The Seekers 1954 – In Technicolor

The Seekers is a 1954 film in beautiful Technicolor starring Jack Hawkins and Glynis Johns – and directed by one of my favourites Ken Annakin.

This is a real adventure film that could and should have been so much better than it was. Ken Annakin said in his Autobiography that the film was ‘not his finest hour’. He got on well with Glynis Johns who he had worked with before and he liked Jack Hawkins but felt that he was wrongly cast – as ‘he was too old and too well fed for the part’

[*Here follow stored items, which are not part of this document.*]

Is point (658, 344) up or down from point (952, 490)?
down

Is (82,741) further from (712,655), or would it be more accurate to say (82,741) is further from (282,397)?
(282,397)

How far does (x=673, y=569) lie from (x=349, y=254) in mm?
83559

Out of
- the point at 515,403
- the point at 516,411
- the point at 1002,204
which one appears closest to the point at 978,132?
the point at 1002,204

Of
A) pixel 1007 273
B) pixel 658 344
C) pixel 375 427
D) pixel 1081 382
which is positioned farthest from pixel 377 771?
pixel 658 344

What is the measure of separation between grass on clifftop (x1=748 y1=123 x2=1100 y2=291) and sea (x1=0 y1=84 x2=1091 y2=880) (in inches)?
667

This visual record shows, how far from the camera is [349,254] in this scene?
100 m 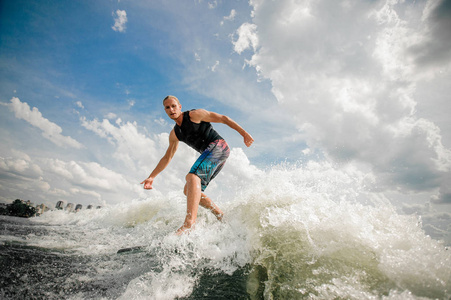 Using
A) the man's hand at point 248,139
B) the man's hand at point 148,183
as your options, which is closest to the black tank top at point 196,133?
the man's hand at point 248,139

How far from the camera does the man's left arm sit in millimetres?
3363

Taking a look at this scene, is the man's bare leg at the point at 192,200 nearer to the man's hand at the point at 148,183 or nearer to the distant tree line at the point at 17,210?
the man's hand at the point at 148,183

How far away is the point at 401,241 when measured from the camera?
1885 millimetres

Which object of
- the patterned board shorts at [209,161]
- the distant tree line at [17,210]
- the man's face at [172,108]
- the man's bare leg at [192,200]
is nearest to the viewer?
the man's bare leg at [192,200]

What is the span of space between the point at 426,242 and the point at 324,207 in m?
1.03

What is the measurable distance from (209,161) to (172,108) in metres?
1.10

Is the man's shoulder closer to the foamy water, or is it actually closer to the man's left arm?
the man's left arm

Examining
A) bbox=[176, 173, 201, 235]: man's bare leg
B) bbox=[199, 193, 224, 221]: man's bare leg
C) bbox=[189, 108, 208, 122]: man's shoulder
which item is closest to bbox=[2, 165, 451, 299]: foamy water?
bbox=[176, 173, 201, 235]: man's bare leg

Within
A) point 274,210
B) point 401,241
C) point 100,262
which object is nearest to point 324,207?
point 274,210

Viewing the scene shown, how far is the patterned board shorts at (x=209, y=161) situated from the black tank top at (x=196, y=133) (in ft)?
0.44

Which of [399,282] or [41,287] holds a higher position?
[399,282]

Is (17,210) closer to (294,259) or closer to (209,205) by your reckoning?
(209,205)

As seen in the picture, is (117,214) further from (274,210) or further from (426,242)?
(426,242)

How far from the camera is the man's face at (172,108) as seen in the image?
3303 millimetres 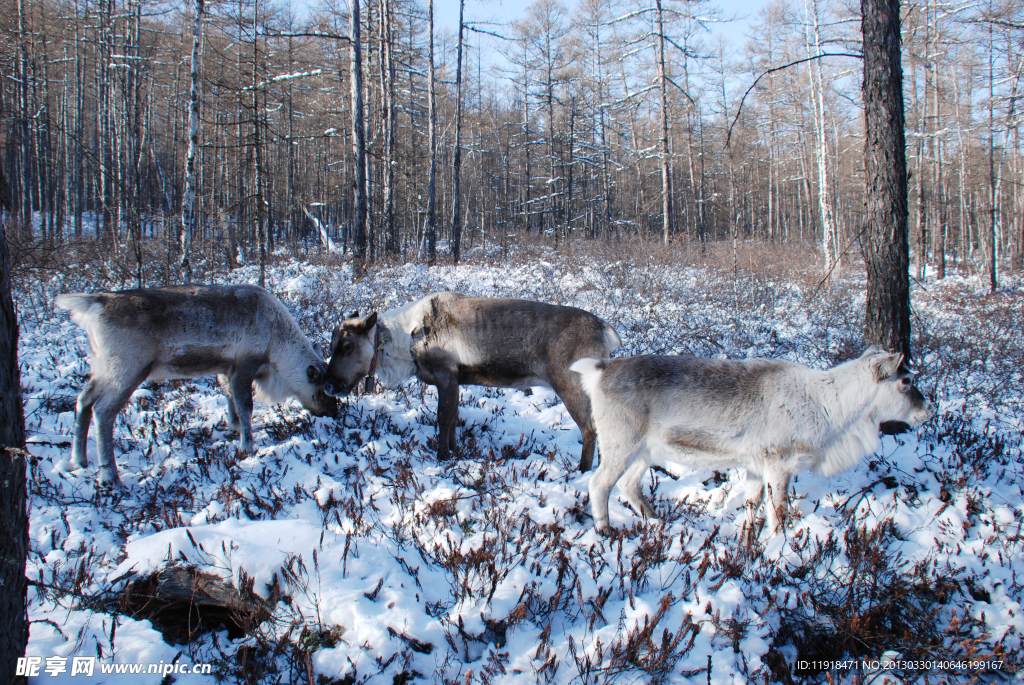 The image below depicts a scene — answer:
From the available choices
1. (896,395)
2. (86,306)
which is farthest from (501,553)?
(86,306)

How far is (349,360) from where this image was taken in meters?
5.75

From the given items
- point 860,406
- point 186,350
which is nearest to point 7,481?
point 186,350

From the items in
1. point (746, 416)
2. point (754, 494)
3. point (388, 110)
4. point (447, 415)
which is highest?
point (388, 110)

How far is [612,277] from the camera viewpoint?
15781 millimetres

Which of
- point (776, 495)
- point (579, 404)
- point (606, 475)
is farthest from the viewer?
point (579, 404)

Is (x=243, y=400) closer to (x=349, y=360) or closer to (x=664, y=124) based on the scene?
(x=349, y=360)

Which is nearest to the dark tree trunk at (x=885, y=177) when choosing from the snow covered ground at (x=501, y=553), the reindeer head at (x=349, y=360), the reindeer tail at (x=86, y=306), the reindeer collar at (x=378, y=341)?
the snow covered ground at (x=501, y=553)

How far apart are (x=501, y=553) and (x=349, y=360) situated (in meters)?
3.14

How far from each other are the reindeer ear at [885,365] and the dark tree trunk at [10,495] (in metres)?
5.03

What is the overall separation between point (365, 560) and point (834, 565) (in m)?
3.14

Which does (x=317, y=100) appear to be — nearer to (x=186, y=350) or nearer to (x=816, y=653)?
(x=186, y=350)

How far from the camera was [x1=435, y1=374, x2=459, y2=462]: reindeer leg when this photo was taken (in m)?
5.15

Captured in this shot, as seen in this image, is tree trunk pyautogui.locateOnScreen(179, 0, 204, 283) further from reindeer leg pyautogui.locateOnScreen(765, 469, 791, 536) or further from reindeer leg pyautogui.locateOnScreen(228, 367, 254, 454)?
reindeer leg pyautogui.locateOnScreen(765, 469, 791, 536)

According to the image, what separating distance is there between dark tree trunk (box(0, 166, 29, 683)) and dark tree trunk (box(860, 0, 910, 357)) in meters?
7.03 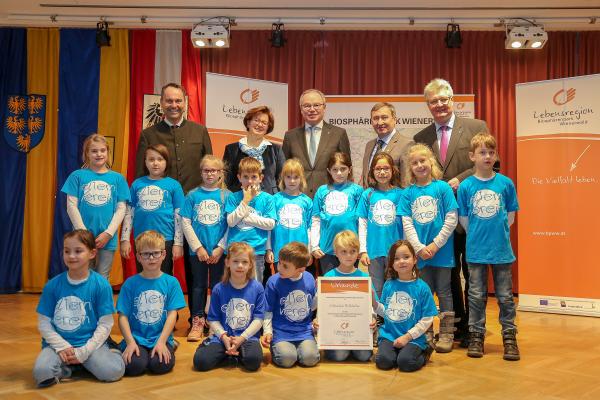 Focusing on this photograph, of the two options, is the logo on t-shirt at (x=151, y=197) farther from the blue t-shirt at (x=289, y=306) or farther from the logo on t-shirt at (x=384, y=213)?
the logo on t-shirt at (x=384, y=213)

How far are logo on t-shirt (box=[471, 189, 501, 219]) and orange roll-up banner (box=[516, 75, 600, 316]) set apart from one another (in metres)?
2.17

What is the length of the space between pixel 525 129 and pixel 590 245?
4.12 ft

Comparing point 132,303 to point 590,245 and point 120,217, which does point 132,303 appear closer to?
point 120,217

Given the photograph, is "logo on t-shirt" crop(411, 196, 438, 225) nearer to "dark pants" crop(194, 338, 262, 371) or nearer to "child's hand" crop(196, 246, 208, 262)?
"dark pants" crop(194, 338, 262, 371)

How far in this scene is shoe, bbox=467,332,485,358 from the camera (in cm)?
339

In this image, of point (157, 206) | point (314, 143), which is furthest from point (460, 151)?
point (157, 206)

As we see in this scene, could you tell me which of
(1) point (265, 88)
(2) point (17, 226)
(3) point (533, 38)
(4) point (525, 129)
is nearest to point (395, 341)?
(4) point (525, 129)

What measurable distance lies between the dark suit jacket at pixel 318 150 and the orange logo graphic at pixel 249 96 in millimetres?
1766

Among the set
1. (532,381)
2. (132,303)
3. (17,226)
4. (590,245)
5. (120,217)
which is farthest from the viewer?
(17,226)

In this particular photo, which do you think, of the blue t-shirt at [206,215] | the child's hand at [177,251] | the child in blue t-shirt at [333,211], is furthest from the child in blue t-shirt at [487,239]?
the child's hand at [177,251]

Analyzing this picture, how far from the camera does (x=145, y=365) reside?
2988 mm

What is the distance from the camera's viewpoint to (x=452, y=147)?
12.6 ft

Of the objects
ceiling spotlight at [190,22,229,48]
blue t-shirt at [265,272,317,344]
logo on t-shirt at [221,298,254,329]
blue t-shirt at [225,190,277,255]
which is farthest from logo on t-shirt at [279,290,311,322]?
ceiling spotlight at [190,22,229,48]

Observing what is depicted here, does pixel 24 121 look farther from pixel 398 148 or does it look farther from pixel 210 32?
pixel 398 148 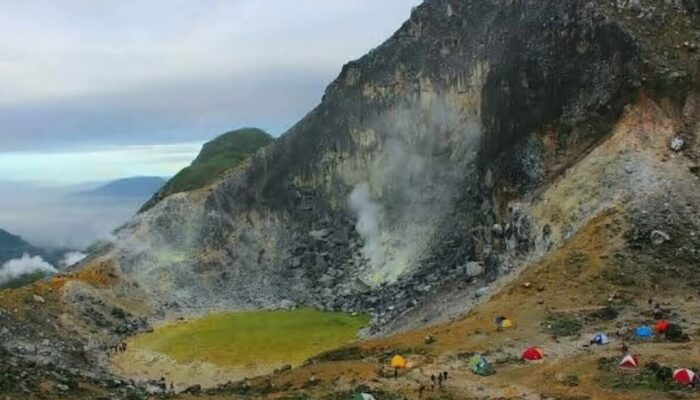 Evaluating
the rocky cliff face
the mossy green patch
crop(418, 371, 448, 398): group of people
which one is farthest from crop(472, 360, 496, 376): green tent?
the mossy green patch

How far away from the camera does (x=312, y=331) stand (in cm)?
8531

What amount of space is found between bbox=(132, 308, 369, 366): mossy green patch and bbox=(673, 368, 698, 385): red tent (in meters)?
39.8

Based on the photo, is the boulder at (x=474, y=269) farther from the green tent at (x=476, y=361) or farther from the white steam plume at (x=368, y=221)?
the green tent at (x=476, y=361)

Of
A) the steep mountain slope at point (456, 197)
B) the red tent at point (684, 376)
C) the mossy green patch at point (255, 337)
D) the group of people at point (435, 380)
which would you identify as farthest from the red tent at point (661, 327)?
the mossy green patch at point (255, 337)

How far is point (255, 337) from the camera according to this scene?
8394 cm

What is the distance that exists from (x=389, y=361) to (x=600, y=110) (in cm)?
3837

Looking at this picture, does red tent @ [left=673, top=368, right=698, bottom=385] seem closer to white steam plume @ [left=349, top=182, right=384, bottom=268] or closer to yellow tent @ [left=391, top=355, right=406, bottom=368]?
yellow tent @ [left=391, top=355, right=406, bottom=368]

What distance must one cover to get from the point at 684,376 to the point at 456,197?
61.2m

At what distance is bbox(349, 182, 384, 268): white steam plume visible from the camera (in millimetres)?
103375

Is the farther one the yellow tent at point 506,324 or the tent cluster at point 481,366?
the yellow tent at point 506,324

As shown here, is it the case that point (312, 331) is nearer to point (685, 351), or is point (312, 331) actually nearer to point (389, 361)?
point (389, 361)

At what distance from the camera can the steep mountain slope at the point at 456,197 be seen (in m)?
64.1

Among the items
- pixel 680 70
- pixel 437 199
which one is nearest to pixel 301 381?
pixel 680 70

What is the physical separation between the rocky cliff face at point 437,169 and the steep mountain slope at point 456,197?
22cm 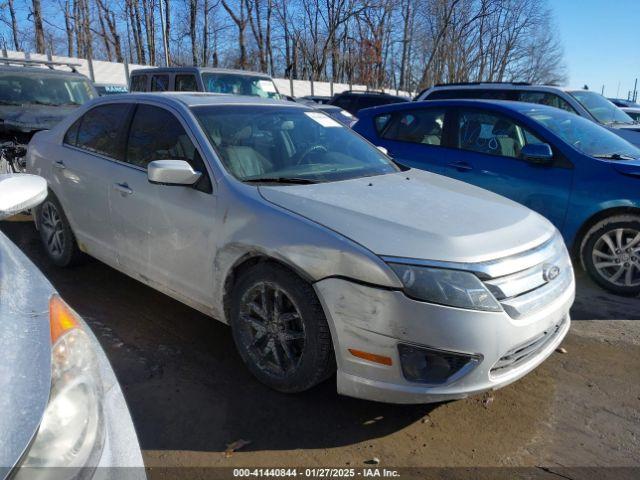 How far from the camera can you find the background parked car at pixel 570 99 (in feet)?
26.7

In my view he was right on this. With a different leading man this could have been really good.

Laya Raki was cast as a Maori and is filmed swimming in a lake devoid of clothing – which nowadays would not have raised an eyebrow but then it did.

Opera singer Inia Te Wiata was also cast – he seemed to be on British Television quite a bit I remember throught the fifties.

Kenneth Williams played a young soldier and was quite good in this straight acting role.

Scenes above from the Film Premier in Wellington on 24th June 1954

Special mention for the brilliant Cinematography – in glorious Technicolor by Geoffrey Unsworth , shot on location in New Zealand , Whakatane, Bay of Plenty, North Island, New Zealand and Pinewood Studios, Iver Heath, Buckinghamshire, England, UK . Atmospheric and evocative score from William Alwyn and musical conductor as usual Muir Matheson .

The film titled ¨The Seekers¨ or ¨Land of fury¨ was professionally directed by Ken Annakin, containing some quite exciting moments . Ken Annakin had quite a diverse early career, including as a trainee income tax inspector in Hull. He got into film making during the War – His feature film debut, Holiday Camp (1947), was a comedy drama about a Cockney family on holiday in an English summer. It was made for the Rank Organisation and was a quite successful – I loved it – and it spawned three sequels, all of which he directed. 

His big break came when he was chosen to direct ‘The Story of Robin Hood and His Merrie Men’ for Walt Disney at Denham Film Studios – a film which, up to that time was the most expensive film ever made here.

Ken was well up to the task and the film did very well at the Box Office on a Worldwide scale. A wonderful film that was and is !!!

Wonderful Shots of New Zealand ABOVE

Above – Jack Hawkins

Jack Hawkins and Noel Purcell

Noel Purcell ABOVE

An Irish Actor who was around quite a bit throughout the Fifties and after. One thing that has come to mind whilst writing this article is that I realised that Noel must have got used to long distance travel in his film years – first he was in Fiji in 1949 to film The Blue Lagoon – a mega trip in those days – then to Tauranga in New Zealand for this one – and a few years later in 1962 he was in Tahiti for a few months with Mutiny of the Bounty – Marlon Brando and Trevor Howard.

He certainly chose some wonderful locations – or they were chosen for him I should say.

Laya Raki ABOVE was a German born former model who won a leading role in The Seekers. Not too long after this she married Americal actor Ron Randell and they had a long and very happy marriage.

She was not someone who missed a trick when it came to publicity though and I love this story about her :

Laya Raki caused a scandal at a wine presentation at the Hotel Gehrhus during the Berlin Film Festival when her gown suddenly split open. Fellow guest Jayne Mansfield is devastated by losing all the publicity.